*Task to carry out*: Exactly the line with "Best Dog Dad" and the lines that follow it, through the closing line of the entries, should be restated, with nothing left out or added.

Recorded information Block Start

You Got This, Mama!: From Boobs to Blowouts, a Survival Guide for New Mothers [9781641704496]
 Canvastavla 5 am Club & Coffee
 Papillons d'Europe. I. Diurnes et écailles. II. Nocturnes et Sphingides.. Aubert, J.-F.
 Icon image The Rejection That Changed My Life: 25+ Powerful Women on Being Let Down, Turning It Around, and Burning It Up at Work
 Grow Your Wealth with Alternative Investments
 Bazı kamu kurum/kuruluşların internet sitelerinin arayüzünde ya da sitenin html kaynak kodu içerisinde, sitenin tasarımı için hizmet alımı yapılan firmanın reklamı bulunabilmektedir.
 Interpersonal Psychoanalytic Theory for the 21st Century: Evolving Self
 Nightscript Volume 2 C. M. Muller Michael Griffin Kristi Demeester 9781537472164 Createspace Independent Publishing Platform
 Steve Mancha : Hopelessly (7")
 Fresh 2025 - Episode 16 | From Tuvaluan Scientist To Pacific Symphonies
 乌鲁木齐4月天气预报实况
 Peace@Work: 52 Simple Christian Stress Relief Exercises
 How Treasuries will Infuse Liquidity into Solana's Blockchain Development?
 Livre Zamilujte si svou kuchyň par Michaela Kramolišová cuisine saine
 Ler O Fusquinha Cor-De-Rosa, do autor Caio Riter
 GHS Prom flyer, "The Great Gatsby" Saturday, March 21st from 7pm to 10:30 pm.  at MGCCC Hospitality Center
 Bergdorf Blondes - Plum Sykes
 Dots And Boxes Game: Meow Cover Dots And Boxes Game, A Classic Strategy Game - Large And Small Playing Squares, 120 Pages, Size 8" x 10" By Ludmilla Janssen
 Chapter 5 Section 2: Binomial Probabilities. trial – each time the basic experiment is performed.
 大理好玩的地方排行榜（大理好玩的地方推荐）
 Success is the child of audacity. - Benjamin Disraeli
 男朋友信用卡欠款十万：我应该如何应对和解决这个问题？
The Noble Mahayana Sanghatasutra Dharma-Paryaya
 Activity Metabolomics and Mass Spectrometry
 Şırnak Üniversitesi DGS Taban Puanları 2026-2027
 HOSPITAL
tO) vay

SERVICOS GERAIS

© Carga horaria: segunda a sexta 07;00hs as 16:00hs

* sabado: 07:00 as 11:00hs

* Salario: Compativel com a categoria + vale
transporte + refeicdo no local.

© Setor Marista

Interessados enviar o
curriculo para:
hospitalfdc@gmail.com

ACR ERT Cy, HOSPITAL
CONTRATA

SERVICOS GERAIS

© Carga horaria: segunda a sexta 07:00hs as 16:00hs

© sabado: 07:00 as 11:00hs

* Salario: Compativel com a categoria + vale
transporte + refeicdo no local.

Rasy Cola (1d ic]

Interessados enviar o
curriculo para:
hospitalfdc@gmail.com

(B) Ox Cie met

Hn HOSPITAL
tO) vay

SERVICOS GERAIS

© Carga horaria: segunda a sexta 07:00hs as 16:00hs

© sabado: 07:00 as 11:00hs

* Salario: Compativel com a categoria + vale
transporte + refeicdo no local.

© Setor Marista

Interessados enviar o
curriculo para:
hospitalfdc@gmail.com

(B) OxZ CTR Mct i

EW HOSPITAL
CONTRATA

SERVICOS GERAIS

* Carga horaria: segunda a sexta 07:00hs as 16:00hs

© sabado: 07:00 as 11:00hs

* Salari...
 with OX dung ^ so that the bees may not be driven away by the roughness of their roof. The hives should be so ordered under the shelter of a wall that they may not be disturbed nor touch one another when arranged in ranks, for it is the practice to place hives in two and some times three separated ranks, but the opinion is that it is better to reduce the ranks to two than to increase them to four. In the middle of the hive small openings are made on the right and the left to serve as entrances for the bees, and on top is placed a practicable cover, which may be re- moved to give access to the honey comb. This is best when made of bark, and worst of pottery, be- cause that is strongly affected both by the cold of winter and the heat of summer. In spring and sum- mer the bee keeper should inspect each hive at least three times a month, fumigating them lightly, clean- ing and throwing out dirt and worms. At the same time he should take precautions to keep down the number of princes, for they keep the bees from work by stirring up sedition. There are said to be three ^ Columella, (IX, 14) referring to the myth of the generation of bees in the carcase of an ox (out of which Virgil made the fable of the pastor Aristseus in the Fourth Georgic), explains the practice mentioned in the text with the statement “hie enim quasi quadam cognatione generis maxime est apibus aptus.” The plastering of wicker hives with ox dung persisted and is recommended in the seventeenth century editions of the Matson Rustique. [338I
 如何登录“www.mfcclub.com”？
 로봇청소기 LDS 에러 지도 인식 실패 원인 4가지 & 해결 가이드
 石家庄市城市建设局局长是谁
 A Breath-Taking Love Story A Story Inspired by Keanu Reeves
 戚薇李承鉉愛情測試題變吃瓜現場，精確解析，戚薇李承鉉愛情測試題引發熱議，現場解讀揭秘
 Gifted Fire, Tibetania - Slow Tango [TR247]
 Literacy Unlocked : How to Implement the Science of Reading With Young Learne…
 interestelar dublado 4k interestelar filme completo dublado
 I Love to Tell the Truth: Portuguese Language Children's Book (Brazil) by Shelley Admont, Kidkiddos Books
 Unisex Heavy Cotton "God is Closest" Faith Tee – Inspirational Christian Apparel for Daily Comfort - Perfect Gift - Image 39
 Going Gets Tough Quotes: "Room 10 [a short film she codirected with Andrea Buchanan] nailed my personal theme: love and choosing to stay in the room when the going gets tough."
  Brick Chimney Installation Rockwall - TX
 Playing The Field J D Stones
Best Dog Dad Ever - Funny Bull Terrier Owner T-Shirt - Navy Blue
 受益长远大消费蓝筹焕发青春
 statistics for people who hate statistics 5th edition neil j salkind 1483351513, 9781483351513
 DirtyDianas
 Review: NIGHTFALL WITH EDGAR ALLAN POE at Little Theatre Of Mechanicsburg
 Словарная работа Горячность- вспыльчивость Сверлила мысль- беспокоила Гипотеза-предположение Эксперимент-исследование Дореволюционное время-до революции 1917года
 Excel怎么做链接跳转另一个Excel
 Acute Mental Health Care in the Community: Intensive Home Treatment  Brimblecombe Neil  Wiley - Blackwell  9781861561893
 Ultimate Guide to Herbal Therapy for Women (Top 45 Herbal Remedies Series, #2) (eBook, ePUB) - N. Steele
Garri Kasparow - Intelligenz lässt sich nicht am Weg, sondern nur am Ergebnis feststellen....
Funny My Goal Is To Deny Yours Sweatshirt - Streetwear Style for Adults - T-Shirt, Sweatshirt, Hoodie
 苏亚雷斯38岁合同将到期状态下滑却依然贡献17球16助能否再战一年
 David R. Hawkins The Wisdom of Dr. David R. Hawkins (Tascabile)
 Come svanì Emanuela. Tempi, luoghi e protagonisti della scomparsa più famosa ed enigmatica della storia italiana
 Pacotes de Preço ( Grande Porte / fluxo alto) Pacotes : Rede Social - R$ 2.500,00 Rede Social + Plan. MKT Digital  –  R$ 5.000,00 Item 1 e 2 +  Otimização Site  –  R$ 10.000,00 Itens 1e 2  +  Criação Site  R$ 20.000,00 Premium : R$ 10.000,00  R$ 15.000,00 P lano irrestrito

Recorded information Block End

*Solution for this problem*:
Best Dog Dad Ever - Funny Bull Terrier Owner T-Shirt - Navy Blue
 受益长远大消费蓝筹焕发青春
 statistics for people who hate statistics 5th edition neil j salkind 1483351513, 9781483351513
 DirtyDianas
 Review: NIGHTFALL WITH EDGAR ALLAN POE at Little Theatre Of Mechanicsburg
 Словарная работа Горячность- вспыльчивость Сверлила мысль- беспокоила Гипотеза-предположение Эксперимент-исследование Дореволюционное время-до революции 1917года
 Excel怎么做链接跳转另一个Excel
 Acute Mental Health Care in the Community: Intensive Home Treatment  Brimblecombe Neil  Wiley - Blackwell  9781861561893
 Ultimate Guide to Herbal Therapy for Women (Top 45 Herbal Remedies Series, #2) (eBook, ePUB) - N. Steele
Garri Kasparow - Intelligenz lässt sich nicht am Weg, sondern nur am Ergebnis feststellen....
Funny My Goal Is To Deny Yours Sweatshirt - Streetwear Style for Adults - T-Shirt, Sweatshirt, Hoodie
 苏亚雷斯38岁合同将到期状态下滑却依然贡献17球16助能否再战一年
 David R. Hawkins The Wisdom of Dr. David R. Hawkins (Tascabile)
 Come svanì Emanuela. Tempi, luoghi e protagonisti della scomparsa più famosa ed enigmatica della storia italiana
 Pacotes de Preço ( Grande Porte / fluxo alto) Pacotes : Rede Social - R$ 2.500,00 Rede Social + Plan. MKT Digital  –  R$ 5.000,00 Item 1 e 2 +  Otimização Site  –  R$ 10.000,00 Itens 1e 2  +  Criação Site  R$ 20.000,00 Premium : R$ 10.000,00  R$ 15.000,00 P lano irrestrito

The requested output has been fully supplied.